Algorithmic causal structure emerging through compression
Liang Wendong, Simon Buchholz, Bernhard Schölkopf
TL;DR
The paper investigates how causal and symmetric structures can emerge from data compression when data originate from multiple environments and intervention targets are unknown. It introduces algorithmic causality, modeling causal mechanisms as CFMPs implemented by Turing machines, and uses UFCC-based finite codebook bounds to select causal directions by minimizing total code length. Through theoretical results and case studies on causal factorizations and symmetries, it demonstrates that compression-driven model selection can reveal causal structure even without identifiability. The empirical and theoretical findings suggest that large-scale models, such as language models, may exhibit emergent algorithmic causality as a by-product of data compression and shared mechanisms. This framework offers a complementary lens to Pearlian causality, focusing on regularities captured by algorithmic minimality rather than interventions alone.
Abstract
We explore the relationship between causality, symmetry, and compression. We build on and generalize the known connection between learning and compression to a setting where causal models are not identifiable. We propose a framework where causality emerges as a consequence of compressing data across multiple environments.
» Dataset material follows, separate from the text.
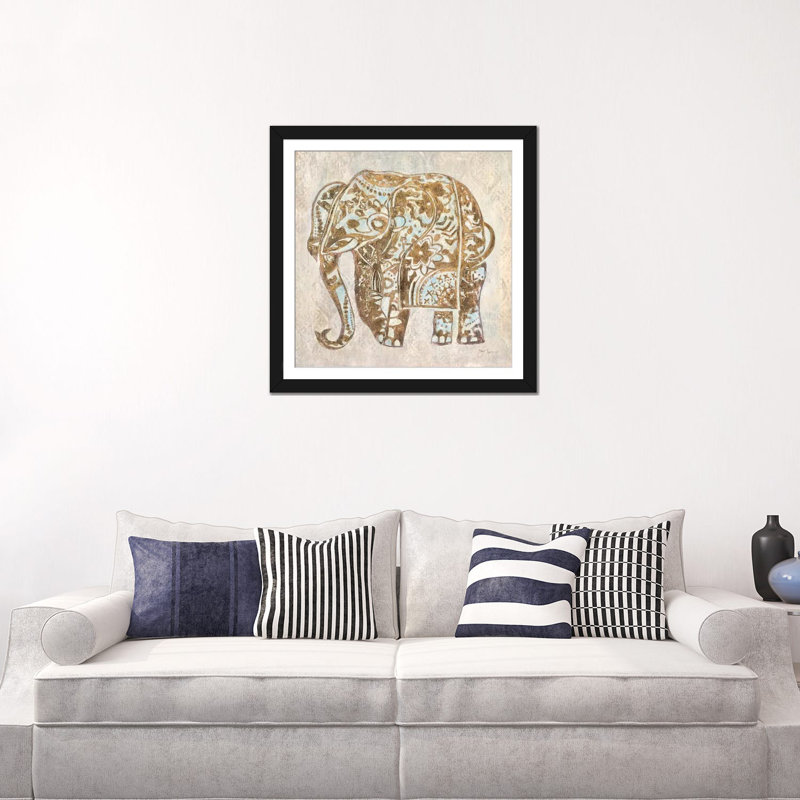 «Boho Elephant», impression sur toile, H 16 po x l 16 po x P 1 po, Papier d'art encadré noir, Blanc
We define algorithmic causality as an alternative definition of causality when traditional assumptions for causal identifiability do not hold. We demonstrate how algorithmic causal and symmetric structures can emerge from minimizing upper bounds on Kolmogorov complexity, without knowledge of intervention targets. We hypothesize that these insights may also provide a novel perspective on the emergence of causality in machine learning models, such as large language models, where causal relationships may not be explicitly identifiable.